Which one (gfs / ext3) is best for the file system resource in Redhat cluster (RHEL 5)

senthil_kumar_1 · ‎08-22-2011

Hi All,

I would like to configure two node cluster as active and active cluster for SAP and oracle services.

For that I need to configure shared cluster file for oracle data.

I have some questions on configuring shared file system for cluster.

1)Normal disk with ext3 filesystem:

To configure normal disk (LUN) with ext3 as shared file system resource under cluster, We need to assign the same disk (LUN) to both the nodes, In the node where we are configure cluster, we have to create the file system ext3 on the same disk using the command mkfs.ext3, and we have to create mount point (empty diretory) on both nodes, After that we have to configure this as shared file system in cluster, there we need to enter the details like Name, File system type, mount point, device. Is it correct?

My questions:

1.1)How to solve the issue if the disk (LUN) assigned to both nodes having different device files, for say, node1 showing as "/dev/sdd" and node2 showing as "/dev/sdf"? At this situation, Can we mention lable name of the file system, or can we mention file system ID "system ID of the device"?

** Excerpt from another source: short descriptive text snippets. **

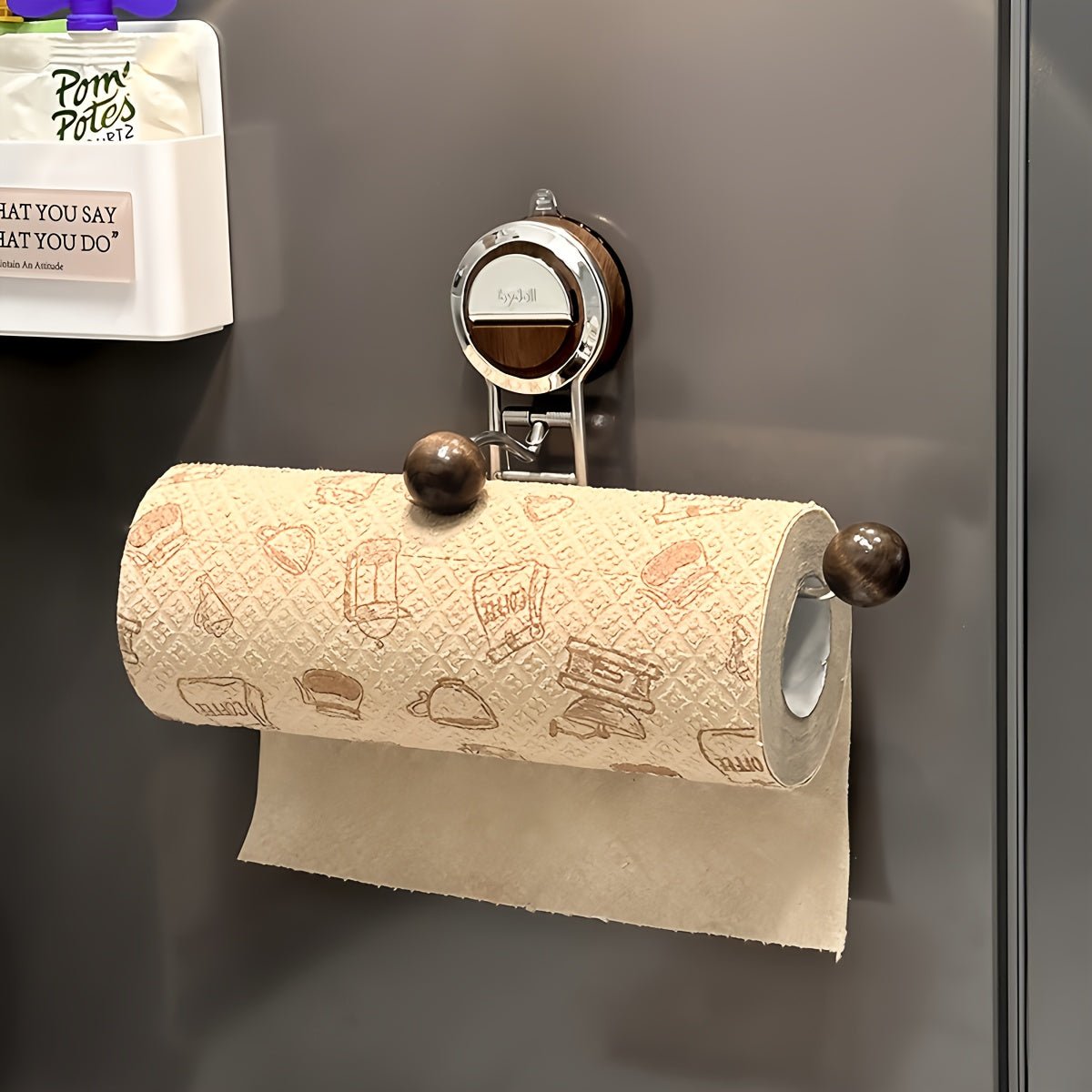 SUCLOCK – No-Drill Stainless Steel Paper Towel Holder with Reusable Suction Base 1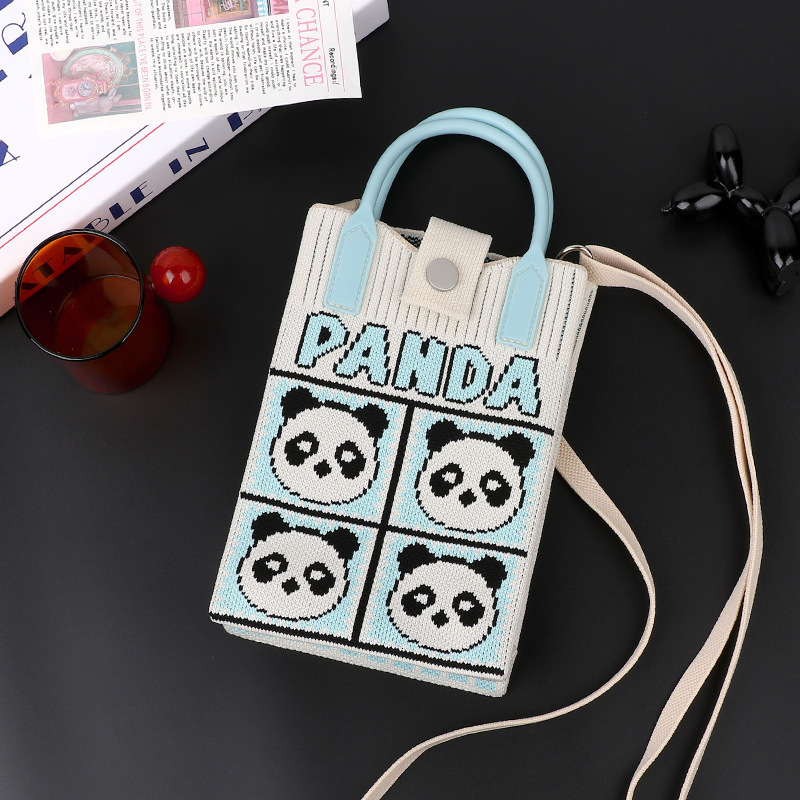 High quality style Korean series knitted panda niche single shoulder slanted mobile phone bag handbag new free delivery designer bag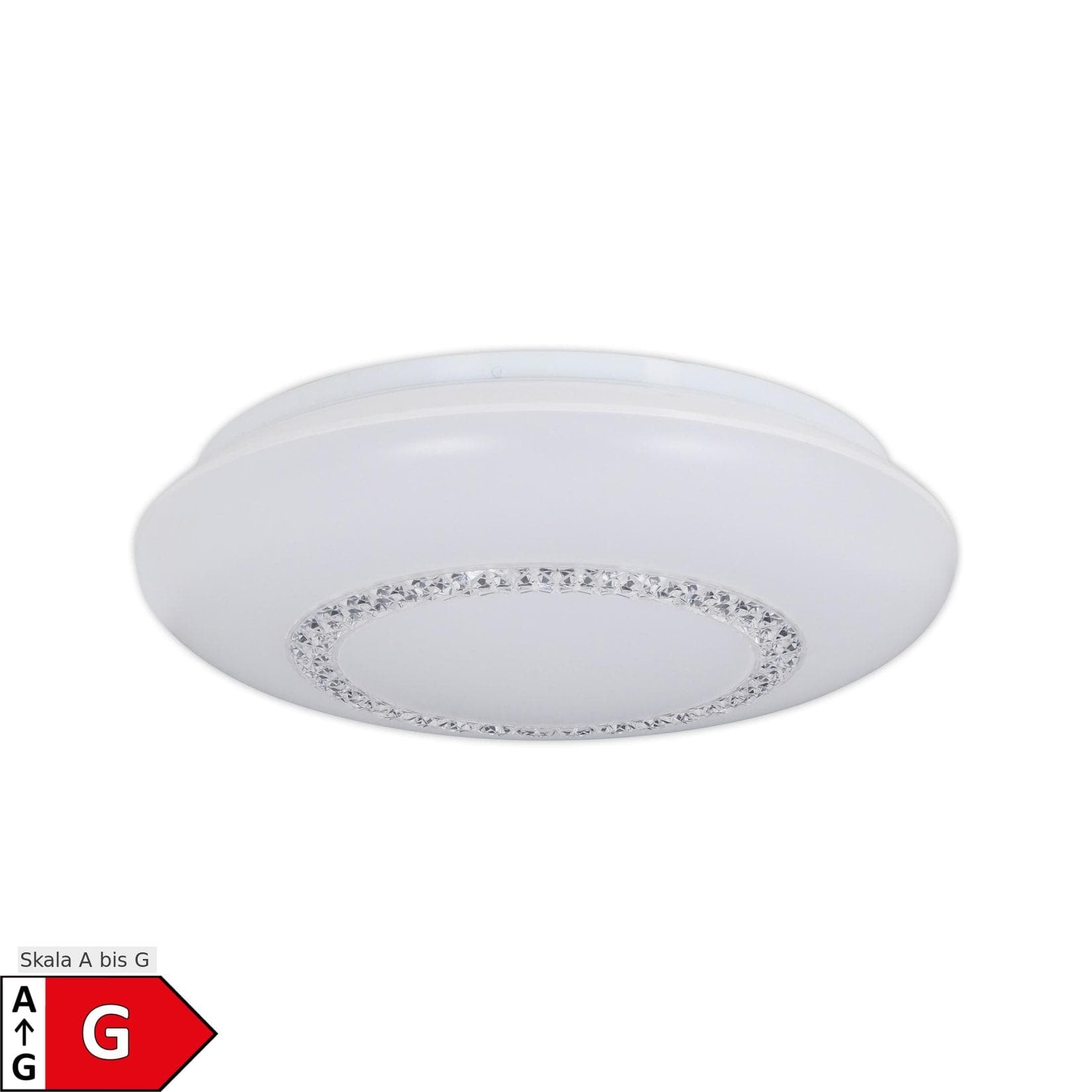 NÄVE LED Deckenleuchte Pilsen Weiß Acrylschirm Kristallelemente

1.2)If yes, what is the command to find "system ID of the device file"...

1.3)If not, What is the purpose of file system ID option mentioned in shared file system configuration properties of the cluster configuation?

1.4)This file system will be mounted and visible on active node only, Am I correct?

2)Using mutipath device file:

My questions:

2.1)Do I need to configure multipath in both nodes?

2.2)In one node, where we are doing cluster configuation, We need to create ext3 file system on disk (LUN), Need to create empty directory for mount point, and need to use the corresponding multipath device point the same LUN/s, Or we need to mention file system ID (If multipath device file name pointing same LUN differs in both nodes) in cluster configuration. Am I correct?

2.3)what are the known issues if we use multipath devices as shared cluster file system in clsuter?

2.4)This file system will be mounted and visible on active node only, Am I correct?

3)GFS with LVM:

If we want to use GFS with LVM, We need to assign LUN to both nodes, In one node, where we are doing cluster configuration, we need to create a VG and LV using same LUN, Now we have to create GFS file system on LV, Now we are configuring this file system in cluser.

3.1)How the VG and LV details will be transfered to another node, Will it be done by cluster service OR do we need to do manually, if manual, how to do this, please explain step by step?

3.2)Is it that, we need to use GFS with LVM only, If yes, why?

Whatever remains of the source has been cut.